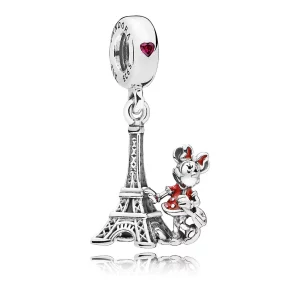 Charm pendant Minnie Mouse Tour Eiffel en Argent PANDORA France - 7501057371551P (image pour) Charm pendant Minnie Mouse Tour Eiffel en Argent PANDORA France - 7501057371551P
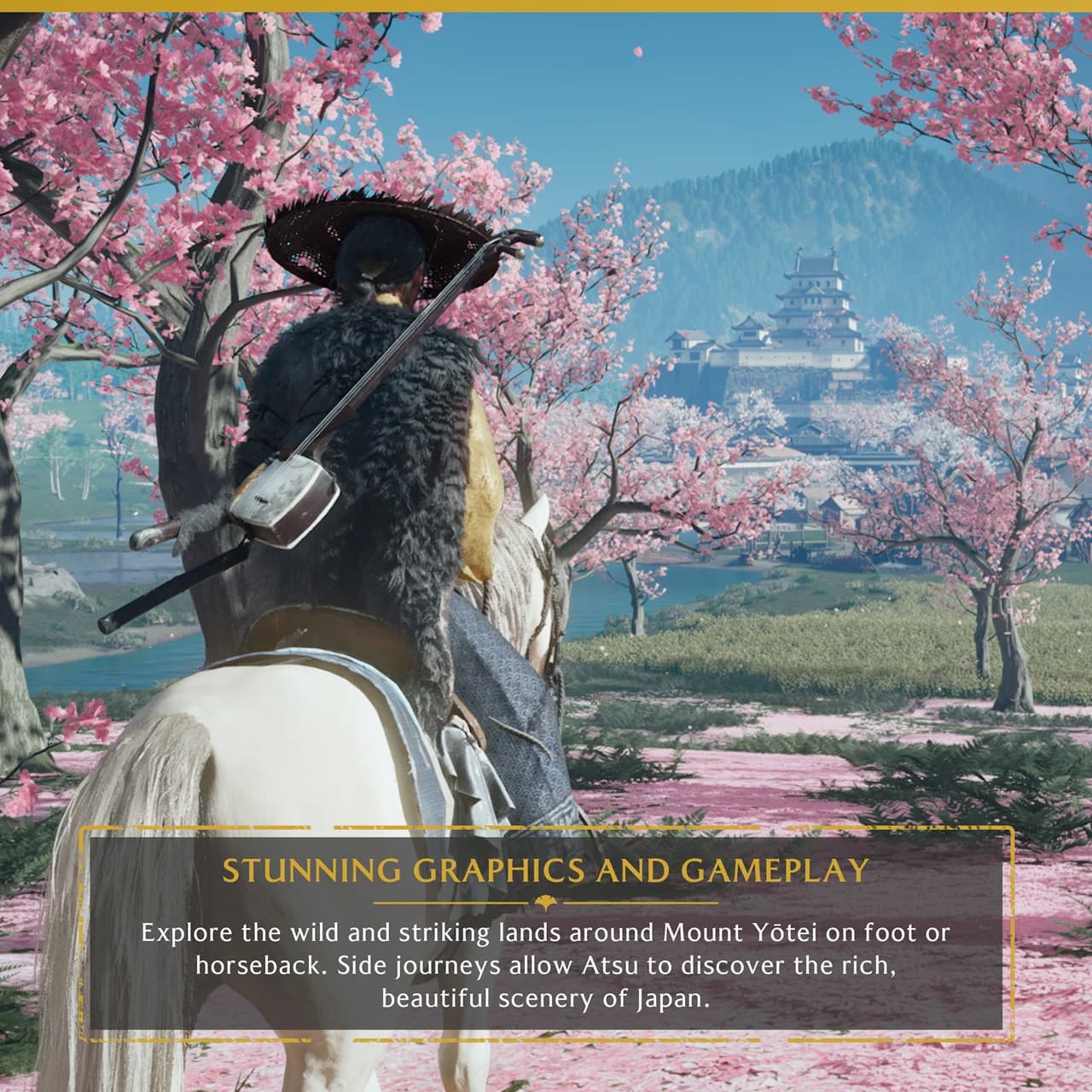 Ghost of Yotei PS5 gameplay screenshot – BlueVault Mumbai PS5 disc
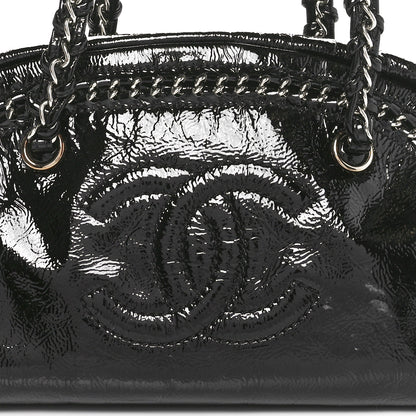 Chanel Patent Medium Luxe Ligne Bowler Black 8 of 11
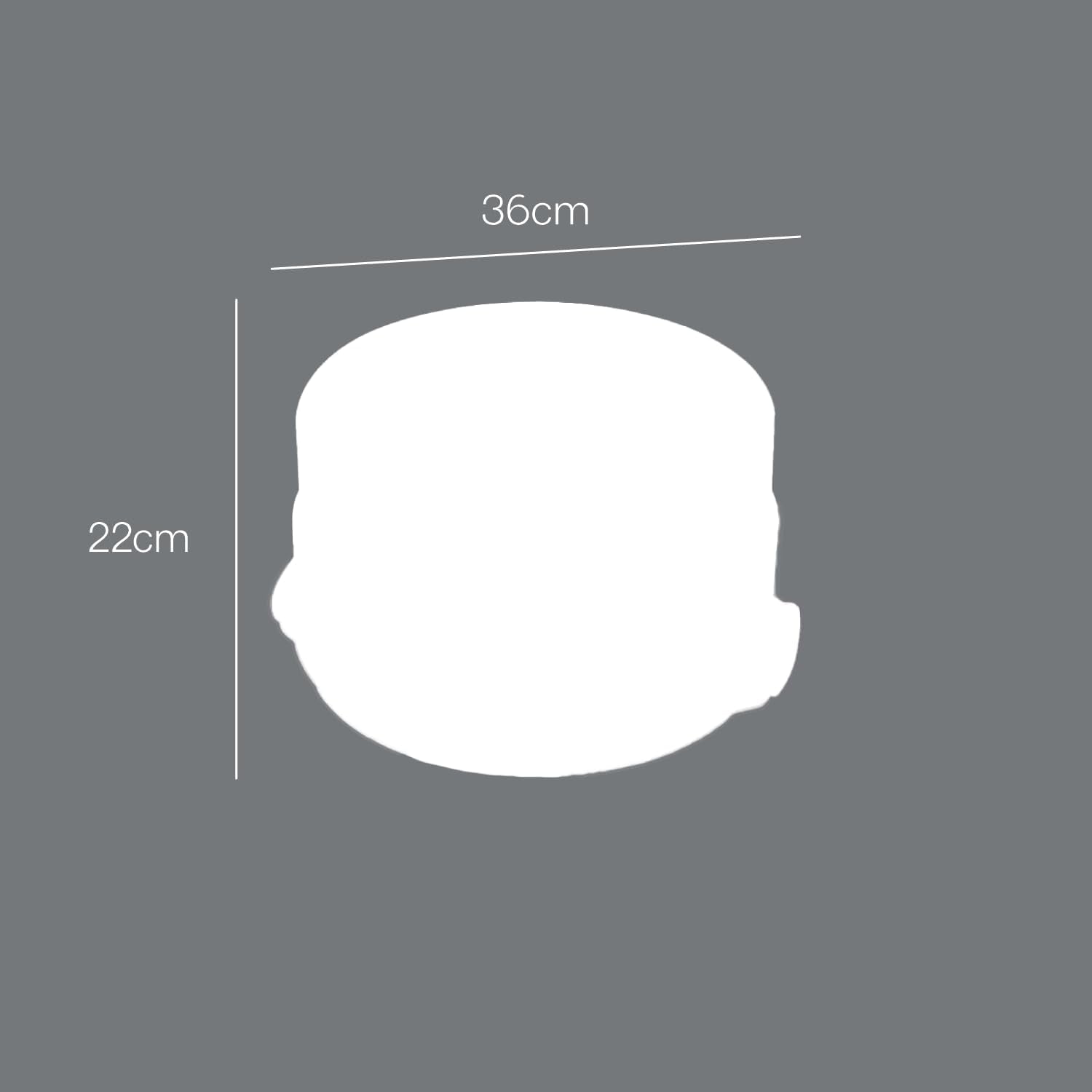 Metaltex taartvorm, in hoogte verstelbaar, polypropyleen, wit/transparant, ⌀ 30 cm, in hoogte verstelbaar 8 en 15 cm Voedselbewaardozen Naty Shop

========================

Before writing out the material above, please remove its pictures; everything else stays exact.

 Charm pendant Minnie Mouse Tour Eiffel en Argent PANDORA France - 7501057371551P (image pour) Charm pendant Minnie Mouse Tour Eiffel en Argent PANDORA France - 7501057371551P
 Ghost of Yotei PS5 gameplay screenshot – BlueVault Mumbai PS5 disc
 Chanel Patent Medium Luxe Ligne Bowler Black 8 of 11
 Metaltex taartvorm, in hoogte verstelbaar, polypropyleen, wit/transparant, ⌀ 30 cm, in hoogte verstelbaar 8 en 15 cm Voedselbewaardozen Naty Shop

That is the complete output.